Query CSV and Parquet files using SQL

These details have not been verified by PyPI

Project links

repository

Project description

filequery

Query CSV and Parquet files using SQL. This uses DuckDB behind the scenes so any valid SQL for DuckDB will work here.

Demo

CLI

out

TUI

filequery_tui

Installation

pipx install filequery

pip install filequery

CLI usage

Run filequery --help to see what options are available.

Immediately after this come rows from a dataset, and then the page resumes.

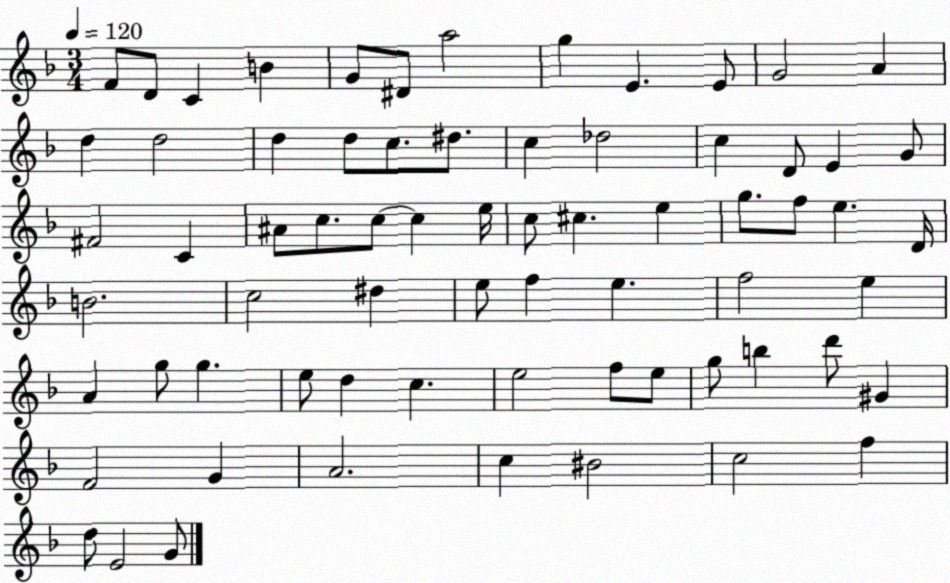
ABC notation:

X:1
T:Untitled
M:3/4
L:1/4
K:F
F/2 D/2 C B G/2 ^D/2 a2 g E E/2 G2 A d d2 d d/2 c/2 ^d/2 c _d2 c D/2 E G/2 ^F2 C ^A/2 c/2 c/2 c e/4 c/2 ^c e g/2 f/2 e D/4 B2 c2 ^d e/2 f e f2 e A g/2 g e/2 d c e2 f/2 e/2 g/2 b d'/2 ^G F2 G A2 c ^B2 c2 f d/2 E2 G/2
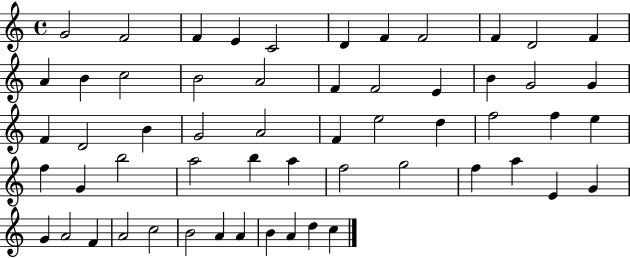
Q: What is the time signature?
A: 4/4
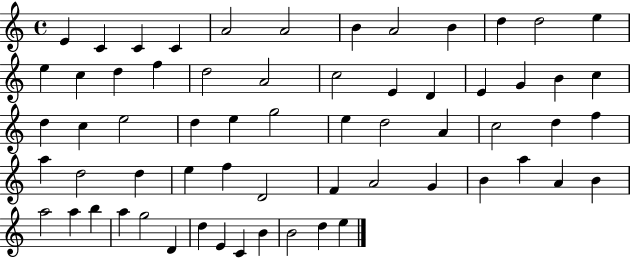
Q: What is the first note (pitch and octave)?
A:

usage: filequery [-h] [-f FILENAME] [-d FILESDIR] [-q QUERY] [-Q QUERY_FILE] [-o OUT_FILE [OUT_FILE ...]] [-F OUT_FILE_FORMAT] [-D DELIMITER] [-c CONFIG] [-e]

options:
  -h, --help            show this help message and exit
  -f FILENAME, --filename FILENAME
                        path to a CSV, Parquet or JSON file
  -d FILESDIR, --filesdir FILESDIR
                        path to a directory which can contain a combination of CSV, Parquet and JSON files
  -q QUERY, --query QUERY
                        SQL query to execute against file
  -Q QUERY_FILE, --query_file QUERY_FILE
                        path to file with query to execute
  -o OUT_FILE [OUT_FILE ...], --out_file OUT_FILE [OUT_FILE ...]
                        file to write results to instead of printing to standard output
  -F OUT_FILE_FORMAT, --out_file_format OUT_FILE_FORMAT
                        either csv or parquet, defaults to csv
  -D DELIMITER, --delimiter DELIMITER
                        delimiter to use when printing result or writing to CSV file
  -c CONFIG, --config CONFIG
                        path to JSON config file
  -e, --editor          run SQL editor UI for exploring data

For basic usage, provide a path to a CSV or Parquet file and a query to execute against it. The table name will be the file name without the extension.

filequery --filename example/test.csv --query 'select * from test'

TUI usage

To use the TUI for querying your files, use the -e flag and provide a path to a file or directory.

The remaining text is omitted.